Les rapports entre l’homme occidental et l’animal ont été guidés depuis des siècles par le sentiment de supériorité éprouvé par le premier. C’est la même démarche qui a prévalu dans ses rapports avec les autres civilisations. Pour lui, l’Amérindien et l’Africain étaient des sauvages.

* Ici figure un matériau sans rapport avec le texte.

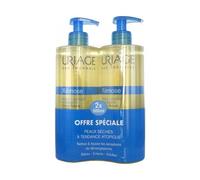 Uriage Xémose Huile Lavante Apaisante 2x500ml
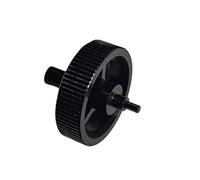 GAOINTELL Roue de défilement de Souris en Alliage d ' Aluminium, pour Rouleaux de poulie de Souris M575 M575S, pièces de Rechange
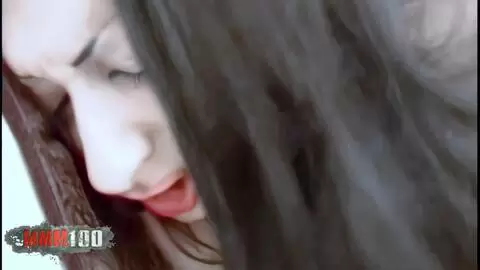 Angelina gets horny when she sees Erika getting fucked photo 13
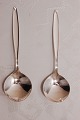 Georg Jensen 
silver, 
sterling 925. 
Silver cutlery 
Cypress. Round 
Soup spoon 051, 
length 14.5 cm. 
...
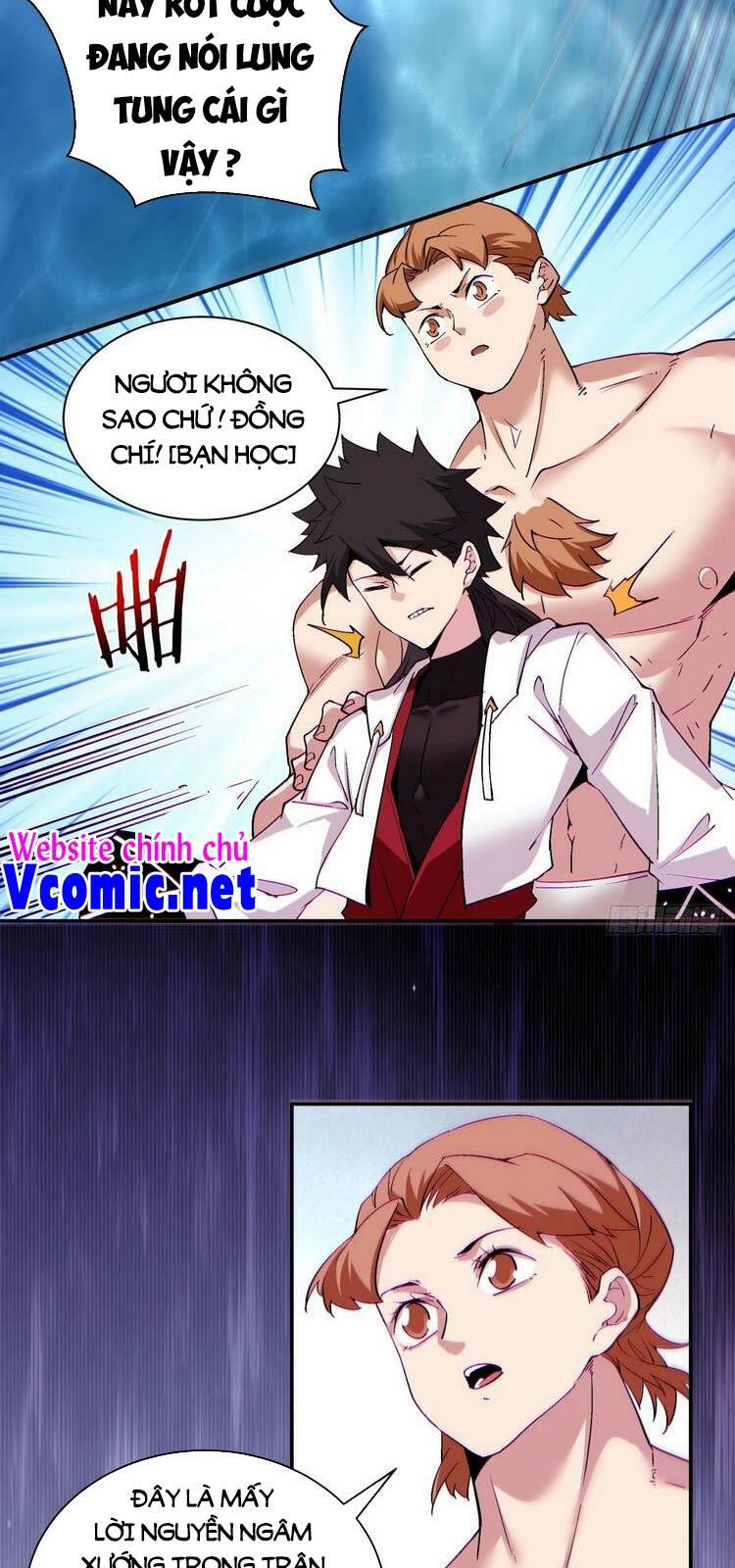 ta là nhà giàu số một, ta không muốn trọng sinh chapter 112 24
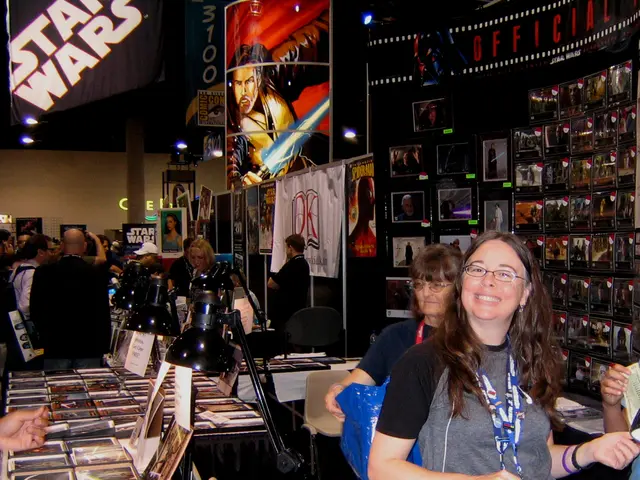 Counterfeit merchandise accusations lead to legal action against online retailer Temu by the estate...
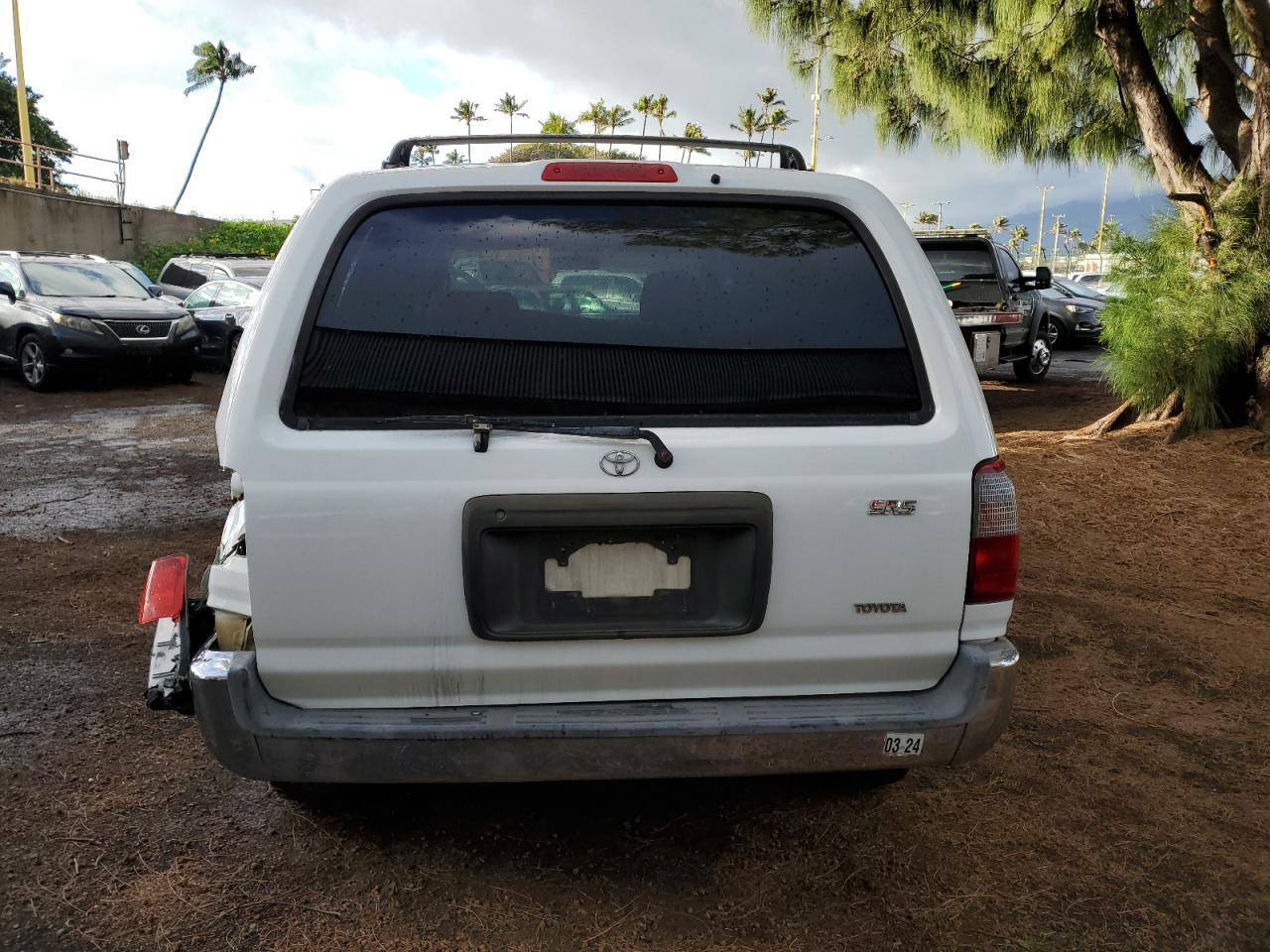 2000 Toyota 4Runner Sr5 - Фото 6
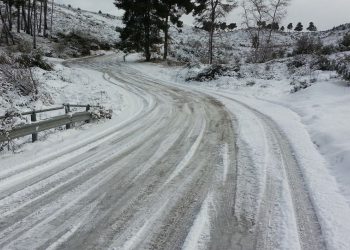 Χιόνια και αυξημένα ρέματα – Ιδιαίτερη προσοχή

« Le monde colonial est un monde manichéiste » écrivait Frantz Fanon dans Les Damnés de la Terre, en 1961. Il ajoutait :
« Parfois ce manichéisme va jusqu’au bout de sa logique et déshumanise le colonisé. À proprement parler, il l’animalise…Le langage du colon, quand il parle au colonisé, est un langage zoologique. »


Cette similitude de comportement vis-à-vis d’hommes vivant autrement et d’animaux considérés comme des objets persiste aujourd’hui sous d’autres formes : xénophobie, esclavage moderne d’un côté, cruauté ( corrida, expérimentations, etc…) de l’autre.